O Código de Urbanismo e Edificações do Município de Maceió, instituído pela Lei Municipal n° 5.593/2007, estabelece que o proprietário ou possuidor do imóvel é o responsável por manter as condições de estabilidade, segurança e salubridade das edificações, que inclui estruturas, equipamentos e demais elementos construtivos. A Defesa Civil destaca que o cumprimento dessa norma é essencial para a prevenção de acidentes e situações de risco. A atuação do órgão acontece de maneira técnica e preventiva, por meio de vistorias, orientações e emissão de relatórios técnicos, sempre com o objetivo de reduzir riscos e proteger a população.
Nesse contexto, a legislação deixa claro que o custeio das intervenções necessárias nos imóveis devem ser assumidos pelos próprios proprietários, em casos de patologias por falta de manutenção como fissuras/rachaduras, desplacamentos de concreto ou de pisos, desabamento de fossas sépticas, entre outros.
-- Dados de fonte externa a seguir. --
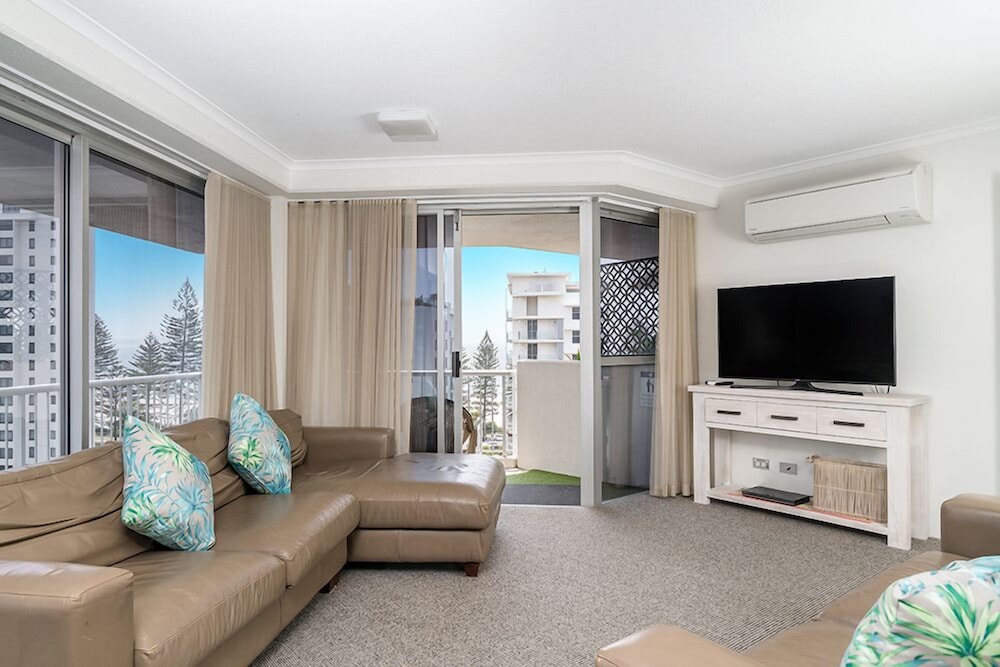 Coolangatta Vacations - Rainbow Bay Resort - Property Image 48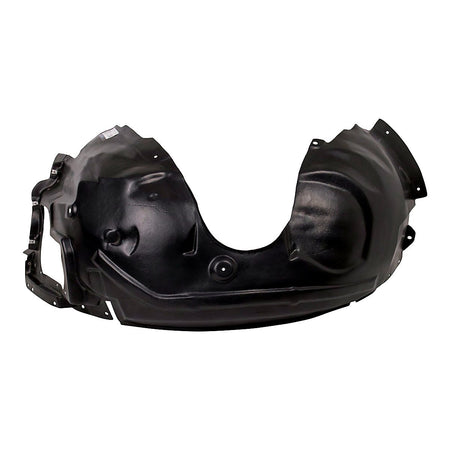 2017-2020 Ford Fusion Fender Liner Front Driver Side 2.7 Turbo Sport Model – Side View (FO1248179)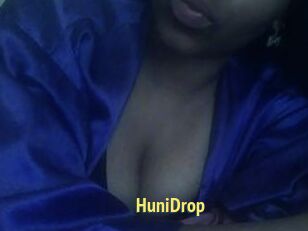 HuniDrop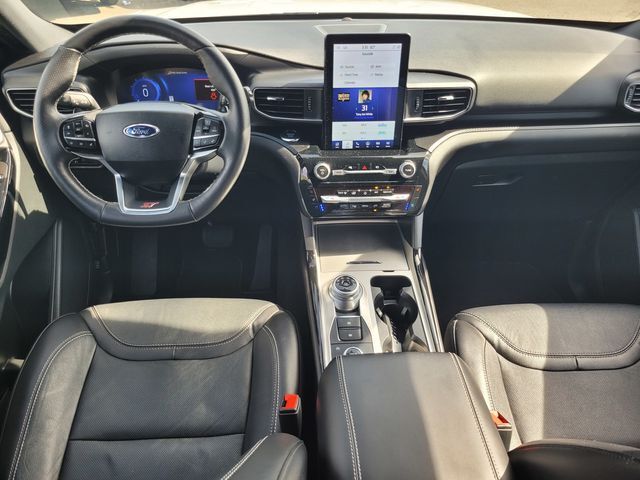 2023 Ford Explorer ST Folsom CA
Para o diretor operacional da Defesa Civil Municipal, Matheus Montenegro, a conscientização da população é parte fundamental do trabalho preventivo. “Nosso papel é identificar riscos, orientar tecnicamente e indicar as medidas necessárias. A partir disso, o proprietário deve contratar um profissional habilitado para providenciar os reparos, pois a lei atribui a ele a responsabilidade pela manutenção do seu próprio imóvel”, destacou.
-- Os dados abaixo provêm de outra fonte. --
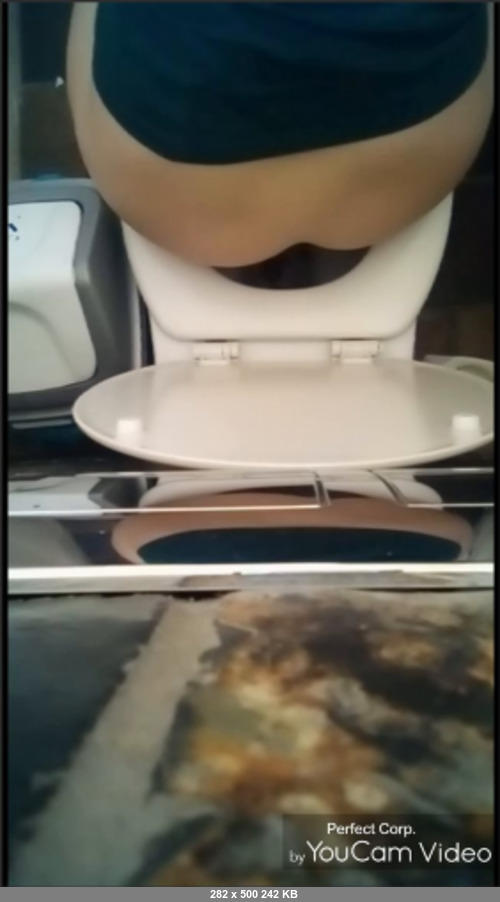 Extreme Scat Porn Site 1- Liglee – Toy Cars For My Ass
Já a Lei que dispõe sobre a manutenção preventiva e periódica das edificações - Lei Municipal nº 6.145/2012 - no artigo 3, que trata de imóveis multirresidenciais ou comerciais, diz que de acordo com a idade construtiva do imóvel, o proprietário, o locatário, o síndico ou, ainda o responsável legal a qualquer título; fica obrigado a obter o laudo técnico de inspeção predial, para verificação das condições de estabilidade, segurança, salubridade, desempenho e habilidade.
A Defesa Civil de Maceió reforça que o cumprimento da legislação contribui diretamente para a segurança da cidade e para a redução de ocorrências relacionadas a desabamentos, infiltrações e outros problemas estruturais.
Casos de vulnerabilidade social
A Defesa Civil de Maceió possui uma diretoria social formada por uma equipe multidisciplinar, com assistentes sociais e psicólogas. A equipes avaliam cada caso para verificar se uma família que, por questões estruturais, seja por uma interdição temporária ou definitiva, necessite sair da residência, tem direito a benefícios eventuais ofertados pelo Município.
As técnicas da diretoria social do órgão realizam o atendimento e, de acordo com o perfil social da família, podem encaminhar para o auxílio moradia e/ou para o programa de habitação, além de outros benefícios.
“É preciso seguir as condicionantes de cada política pública. Há critérios já estabelecidos por decreto municipal que avalia renda familiar e o perfil para inclusão em programas sociais. Realizamos uma análise prévia no ato de atendimento, mas quem determina se o usuário tem direito ou não é a secretaria responsável. Fazemos os devidos encaminhamentos visando sempre a melhor solução para que a família seja efetivamente assistida pelo município”, conclui a coordenadora social da Defesa Civil de Maceió, Katiane Moraes.